Early integration of palliative care leads to better quality of life for patients with advanced cancer diagnosis, a new study suggests.


Palliative care is a multidisciplinary medical and nursing approach given to people with life-limiting disease. The care is mostly focused on pain management, and relief from other physical and mental stress.


Researchers, led by Dr Lucy Ziegler, from the University of Leeds’ Academic Unit of Palliative Care investigated when patients should receive such care and for how long to result in better quality of life.


Dr Ziegler has noted that studies in the past have already established that palliative care does result to reduction in emergency cases and more deaths that took place at home.   


In the study, the researchers included 2,479 patients who died of cancer between January 2010 and February 2012, 64.5 percent of them had access to palliative care support. They looked at the associations between the time the patients underwent palliative care and their quality of life.

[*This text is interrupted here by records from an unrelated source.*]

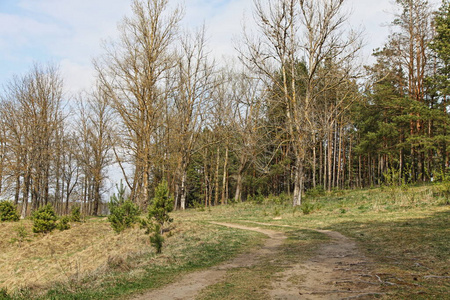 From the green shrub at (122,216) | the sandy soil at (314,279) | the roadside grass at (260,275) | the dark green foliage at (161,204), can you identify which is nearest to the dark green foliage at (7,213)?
the green shrub at (122,216)

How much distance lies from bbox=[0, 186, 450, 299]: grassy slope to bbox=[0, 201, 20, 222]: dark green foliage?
15.9ft

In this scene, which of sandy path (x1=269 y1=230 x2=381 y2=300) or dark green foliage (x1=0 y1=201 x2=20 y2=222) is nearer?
sandy path (x1=269 y1=230 x2=381 y2=300)

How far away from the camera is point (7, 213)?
2066 cm

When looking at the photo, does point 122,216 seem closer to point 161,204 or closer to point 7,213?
point 161,204

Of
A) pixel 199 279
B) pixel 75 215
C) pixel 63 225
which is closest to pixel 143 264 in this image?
pixel 199 279

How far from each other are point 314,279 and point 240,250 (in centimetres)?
375

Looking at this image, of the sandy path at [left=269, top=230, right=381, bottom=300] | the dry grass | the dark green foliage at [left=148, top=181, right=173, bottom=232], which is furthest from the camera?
the dark green foliage at [left=148, top=181, right=173, bottom=232]

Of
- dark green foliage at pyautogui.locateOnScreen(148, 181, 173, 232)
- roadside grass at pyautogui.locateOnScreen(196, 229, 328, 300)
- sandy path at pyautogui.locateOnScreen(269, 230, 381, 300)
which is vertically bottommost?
roadside grass at pyautogui.locateOnScreen(196, 229, 328, 300)

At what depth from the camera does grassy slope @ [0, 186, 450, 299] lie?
17.5 feet

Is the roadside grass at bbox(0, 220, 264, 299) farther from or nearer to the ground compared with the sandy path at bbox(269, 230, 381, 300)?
nearer to the ground

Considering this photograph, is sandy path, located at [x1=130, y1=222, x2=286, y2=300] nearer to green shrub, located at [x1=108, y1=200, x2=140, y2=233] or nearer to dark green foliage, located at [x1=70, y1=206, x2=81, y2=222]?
green shrub, located at [x1=108, y1=200, x2=140, y2=233]

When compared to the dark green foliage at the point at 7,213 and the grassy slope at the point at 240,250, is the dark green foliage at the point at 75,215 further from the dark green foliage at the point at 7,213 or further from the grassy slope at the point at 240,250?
the dark green foliage at the point at 7,213

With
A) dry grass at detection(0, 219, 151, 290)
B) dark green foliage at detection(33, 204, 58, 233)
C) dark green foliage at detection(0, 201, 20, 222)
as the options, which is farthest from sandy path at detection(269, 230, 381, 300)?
dark green foliage at detection(0, 201, 20, 222)

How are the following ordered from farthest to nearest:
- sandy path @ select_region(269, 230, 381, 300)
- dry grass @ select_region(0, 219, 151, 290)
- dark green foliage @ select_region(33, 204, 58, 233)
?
dark green foliage @ select_region(33, 204, 58, 233), dry grass @ select_region(0, 219, 151, 290), sandy path @ select_region(269, 230, 381, 300)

The researchers found that patients who received palliative care about two weeks before their death died in a hospital. In comparison, those who received care at least four weeks before their death had fewer hospital admissions.


“Our research shows that for those with advanced cancer, access to palliative care and longer duration of care are significantly associated with better end of life quality indicators,” said Dr Zeigler.

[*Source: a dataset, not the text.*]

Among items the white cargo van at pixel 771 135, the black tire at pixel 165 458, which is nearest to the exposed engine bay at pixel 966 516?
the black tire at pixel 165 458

In addition, 62 percent to 86 percent of patients experience moderate to severe pain before death, and early access to palliative care meant that patients have access to strong opioids for pain relief.

“Palliative care initiated more than 32 weeks before death was associated with a reduction in chemotherapy in the last four weeks of life,” according to a release from the university.


“Our study provides new evidence to support the early integration of palliative care for cancer patients,” said Dr Zeigler, noting their findings could help policy makers into developing a palliative care that is integrated earlier.